気管支鏡検査一覧

症例457

アライラブ150419BS-気管分岐部の粘稠分泌物

症例457動画】 ラブちゃん。ラブラドールレトリーバー 5歳 メス 30.0kg。来院経緯と主訴:越谷動物医療センター(埼玉県越谷市)より診療依頼を受けました。主訴は慢性咳漱と胸部異常影。2015年4月19日、精査希望のため呼吸器科受診となった。確定診断はびまん性気管支拡張症。 既往歴:特になし。 問診:幼齢時より4年間安静時に痰産生咳を毎日4-20回以上続いている。 診察時の徴候:努力性呼吸なし。一般状態は良好。聴診にて呼吸副雑音なし。 その他の臨床検査所見:CRP0.5mg/dl。軽度低酸素血症(Pao2 73 mmHg)、換気正常(Paco2 37mmHg)。X線および透視検査で直径2−8mmの類円形の気管支拡張所見がびまん性にみられた。 喉頭および気管気管支鏡所見:喉頭は発赤し、声門裂に粘膿性粘液が付着していた。気管、左右主気管支さらに葉気管支入口部の所々に褐色粘稠分泌物が付着、貯留していた。
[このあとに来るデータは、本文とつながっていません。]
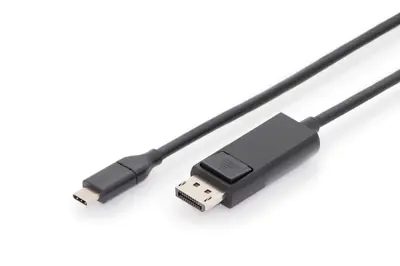 DIGITUS - DisplayPort-Kabel - 24 pin USB-C (M) zu DisplayPort (M) - 2 m - 4K Unterstützung - Schwarz DIGITUS - DisplayPort-Kabel - 24 pin USB-C (M) zu DisplayPort (M) - 2 m - 4K Unterstützung - Schwarz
気管尾側部から左右主気管支にかけ粘膜は発咳、凹凸不整を示し、右主気管支や葉気管支入口部は拡張していた。左右の後葉(RB4とLB2)以降は、粘膜は平滑化し、可視範囲で著明な気管支拡張は認められなかった。LB2V1に粘液が多かったので気管支ブラッシングを行い、ブドウ糖非発酵グラム陰性桿菌1+が分離され、GMとCPに感受性を示した。気管支肺胞洗浄液解析(RB2, 25mlX2, 回収率30%)も行った。総細胞数は増加(820/mm3, 正常82-286/mm3)、細胞診にて細胞分画ではマクロファージ0.5%, リンパ球0.0%, 好中球 99.4%, 好酸球 0.0%, 好塩基球 0.0%であり、腫瘍細胞は認められなかった。起炎菌は分離されなかった。 最終診断:びまん性気管支拡張症。若齢から発症しており線毛運動不全などの先天性要因が考えられ、二次感染管理を含む長期気道管理が必要。 治療:長期在宅ネブライザー療法(生食20ml+ゲンタマイシン0.5ml+ビソルボン吸入液0.5ml+メプチン0.5ml、1日2回)。排痰促進のため運動奨励。  転帰:翌日退院。経過観察中。2週間後、自宅でネブライザー療法を継続しているがとても協力的で気分がよさそうとのことだった。